Court Opinion

ID: 6939255
Source: CourtListenerOpinion
Date Created: 2022-07-24 00:55:50.986637+00
Date Added: 2024-06-11T16:07:38.152603
License: Public Domain

JOSEPH, C. J.
Defendant was convicted on stipulated facts on 2 counts of sexual abuse in the first degree, ORS 163.425, 7 counts of sexual abuse in the second degree, ORS 163.415, and one count of public indecency. ORS 163.465. Four of the 5 assignments of error were not preserved for review, and we will not consider them.
Defendant assigns error to the trial court’s denial of his motion to withdraw stipulated facts. The state argues that defendant was not entitled to make that motion after his conviction and that, if the denial of this motion is reviewable at all,1 it should be viewed as a motion for a new trial. The trial judge treated the motion as one to withdraw a guilty plea.2 Defendant asserts that, by denying his motion, the court effectively denied him his constitutional right to a trial.
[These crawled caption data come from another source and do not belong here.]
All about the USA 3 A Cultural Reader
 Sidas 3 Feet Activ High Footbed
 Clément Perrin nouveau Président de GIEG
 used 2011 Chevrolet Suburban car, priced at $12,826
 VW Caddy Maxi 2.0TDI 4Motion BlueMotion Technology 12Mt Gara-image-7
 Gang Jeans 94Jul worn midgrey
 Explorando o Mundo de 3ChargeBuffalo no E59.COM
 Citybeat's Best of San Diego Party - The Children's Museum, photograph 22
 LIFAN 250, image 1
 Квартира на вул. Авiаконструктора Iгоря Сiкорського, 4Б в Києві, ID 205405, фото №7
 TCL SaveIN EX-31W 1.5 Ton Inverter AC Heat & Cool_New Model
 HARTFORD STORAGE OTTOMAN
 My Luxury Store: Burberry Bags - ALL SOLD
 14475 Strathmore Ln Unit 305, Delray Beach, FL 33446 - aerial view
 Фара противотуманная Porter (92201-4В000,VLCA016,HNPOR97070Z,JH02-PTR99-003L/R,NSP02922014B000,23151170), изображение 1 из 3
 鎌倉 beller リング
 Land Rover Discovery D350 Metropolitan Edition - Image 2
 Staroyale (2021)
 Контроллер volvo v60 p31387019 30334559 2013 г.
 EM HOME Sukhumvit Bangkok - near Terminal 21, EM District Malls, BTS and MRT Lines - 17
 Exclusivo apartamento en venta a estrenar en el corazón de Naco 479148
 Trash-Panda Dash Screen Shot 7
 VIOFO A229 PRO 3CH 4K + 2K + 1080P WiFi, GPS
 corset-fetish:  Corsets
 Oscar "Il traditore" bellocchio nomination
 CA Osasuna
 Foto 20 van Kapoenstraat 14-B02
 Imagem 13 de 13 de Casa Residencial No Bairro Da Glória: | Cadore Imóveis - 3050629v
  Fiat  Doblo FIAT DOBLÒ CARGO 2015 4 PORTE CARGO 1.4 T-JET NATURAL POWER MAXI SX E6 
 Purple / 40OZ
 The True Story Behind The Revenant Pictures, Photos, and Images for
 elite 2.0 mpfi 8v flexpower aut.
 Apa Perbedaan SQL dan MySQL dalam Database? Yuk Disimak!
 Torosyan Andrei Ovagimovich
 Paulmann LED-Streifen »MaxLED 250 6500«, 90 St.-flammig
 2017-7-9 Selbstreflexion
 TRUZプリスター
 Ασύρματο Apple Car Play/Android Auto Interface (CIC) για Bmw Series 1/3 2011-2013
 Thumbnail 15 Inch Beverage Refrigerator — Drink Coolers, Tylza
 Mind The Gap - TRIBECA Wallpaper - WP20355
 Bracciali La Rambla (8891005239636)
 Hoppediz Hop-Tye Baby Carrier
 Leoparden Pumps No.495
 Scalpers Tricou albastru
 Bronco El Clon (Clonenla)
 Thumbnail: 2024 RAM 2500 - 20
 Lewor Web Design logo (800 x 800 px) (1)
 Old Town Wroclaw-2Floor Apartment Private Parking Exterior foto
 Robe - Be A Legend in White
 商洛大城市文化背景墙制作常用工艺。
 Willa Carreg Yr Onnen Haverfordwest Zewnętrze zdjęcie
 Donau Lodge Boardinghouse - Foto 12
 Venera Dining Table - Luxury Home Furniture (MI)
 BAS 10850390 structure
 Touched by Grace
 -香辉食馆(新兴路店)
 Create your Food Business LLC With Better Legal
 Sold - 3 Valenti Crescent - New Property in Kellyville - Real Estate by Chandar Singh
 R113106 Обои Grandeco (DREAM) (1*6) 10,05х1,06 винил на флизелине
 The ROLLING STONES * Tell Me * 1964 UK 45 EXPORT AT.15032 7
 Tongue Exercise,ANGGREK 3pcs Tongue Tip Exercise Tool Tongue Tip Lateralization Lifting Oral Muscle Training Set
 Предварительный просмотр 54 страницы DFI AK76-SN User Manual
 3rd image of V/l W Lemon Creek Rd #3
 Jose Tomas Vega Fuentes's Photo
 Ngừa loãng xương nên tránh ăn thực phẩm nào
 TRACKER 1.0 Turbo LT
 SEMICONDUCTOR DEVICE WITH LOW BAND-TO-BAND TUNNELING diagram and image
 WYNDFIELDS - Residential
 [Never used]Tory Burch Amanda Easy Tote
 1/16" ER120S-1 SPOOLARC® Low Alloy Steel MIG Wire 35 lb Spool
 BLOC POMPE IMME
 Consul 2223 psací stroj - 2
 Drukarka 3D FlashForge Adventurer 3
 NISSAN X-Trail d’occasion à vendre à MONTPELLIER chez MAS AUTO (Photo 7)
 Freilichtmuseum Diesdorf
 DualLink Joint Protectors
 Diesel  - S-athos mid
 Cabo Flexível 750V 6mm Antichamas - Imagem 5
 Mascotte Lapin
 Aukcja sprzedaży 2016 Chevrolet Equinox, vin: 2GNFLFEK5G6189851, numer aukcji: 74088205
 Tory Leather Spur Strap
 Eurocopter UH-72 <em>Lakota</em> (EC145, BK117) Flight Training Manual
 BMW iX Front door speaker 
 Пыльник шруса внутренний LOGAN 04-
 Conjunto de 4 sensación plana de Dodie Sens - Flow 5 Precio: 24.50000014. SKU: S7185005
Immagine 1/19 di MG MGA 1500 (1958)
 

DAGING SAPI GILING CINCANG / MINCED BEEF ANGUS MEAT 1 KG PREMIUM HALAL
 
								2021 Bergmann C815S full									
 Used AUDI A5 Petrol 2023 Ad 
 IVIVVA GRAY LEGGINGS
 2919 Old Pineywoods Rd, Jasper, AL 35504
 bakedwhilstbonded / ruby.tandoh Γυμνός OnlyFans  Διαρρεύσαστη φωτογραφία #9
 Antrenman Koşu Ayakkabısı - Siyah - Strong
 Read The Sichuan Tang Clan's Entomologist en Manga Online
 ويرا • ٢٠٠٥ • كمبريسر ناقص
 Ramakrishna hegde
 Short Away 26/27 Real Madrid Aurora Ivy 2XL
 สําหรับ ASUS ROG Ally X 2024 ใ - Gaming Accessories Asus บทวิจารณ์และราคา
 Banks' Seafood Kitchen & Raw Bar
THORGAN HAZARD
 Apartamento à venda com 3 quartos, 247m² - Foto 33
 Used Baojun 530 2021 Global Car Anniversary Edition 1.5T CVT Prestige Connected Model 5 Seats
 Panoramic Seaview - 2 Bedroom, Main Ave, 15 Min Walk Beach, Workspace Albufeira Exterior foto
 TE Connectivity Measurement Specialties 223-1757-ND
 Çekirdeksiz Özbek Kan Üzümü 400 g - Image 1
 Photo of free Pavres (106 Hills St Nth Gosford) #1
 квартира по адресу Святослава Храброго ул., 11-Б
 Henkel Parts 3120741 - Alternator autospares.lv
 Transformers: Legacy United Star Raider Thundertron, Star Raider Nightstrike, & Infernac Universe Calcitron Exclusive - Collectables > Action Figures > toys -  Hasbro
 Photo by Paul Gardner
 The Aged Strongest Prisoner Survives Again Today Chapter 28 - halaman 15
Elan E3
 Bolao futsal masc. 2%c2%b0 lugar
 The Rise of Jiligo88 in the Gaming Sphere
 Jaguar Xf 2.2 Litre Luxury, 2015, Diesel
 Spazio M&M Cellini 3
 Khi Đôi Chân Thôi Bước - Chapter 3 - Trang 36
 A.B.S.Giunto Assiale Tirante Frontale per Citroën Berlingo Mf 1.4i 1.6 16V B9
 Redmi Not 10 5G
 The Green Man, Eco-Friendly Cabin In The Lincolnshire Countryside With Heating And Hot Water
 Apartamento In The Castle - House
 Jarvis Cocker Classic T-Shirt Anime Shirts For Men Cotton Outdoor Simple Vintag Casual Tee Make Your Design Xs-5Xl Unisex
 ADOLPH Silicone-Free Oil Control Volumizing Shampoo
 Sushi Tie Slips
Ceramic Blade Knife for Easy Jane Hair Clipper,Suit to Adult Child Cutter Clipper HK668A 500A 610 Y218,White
He argued that he “didn’t understand the risks involved” when he stipulated and that he had not been “fully aware of what was going on [and] didn’t understand the consequences of that result.”
Because one purpose of stipulating to the facts, rather than simply pleading guilty, is to preserve issues for appeal, we do not consider defendant’s motion to be the same as a motion to withdraw a guilty plea. Nevertheless, the due process issues are similar, and we hold that the test that a trial court must apply to determine whether to grant a motion to withdraw stipulated facts is the same as for deciding whether to grant a motion to withdraw a guilty plea.
Before defendant stipulated, the trial judge had explained to him the consequences of stipulating. He fully explained a stipulated facts trial, described in detail the rights that defendant would be waiving and informed him of the presumptive and maximum sentences for the various crimes charged in the indictment and the aggregate possible punishment. Defendant said that he understood each of those *498things. The record shows that he knowingly and intelligently consented to be tried on stipulated facts. The court did not abuse its discretion.
Affirmed.

 We can review this motion made after verdict but before judgment. State v. Sullens, 106 Or App 590, 809 P2d 700, rev allowed 312 Or 80 (1991), refused to review a ruling on a motion for new trial made after judgment.

 If the motion were the equivalent of a motion to withdraw a guilty plea after judgment, we could not review it. ORS 138.050; State v. Clevenger, 297 Or 234, 683 P2d 1360 (1984).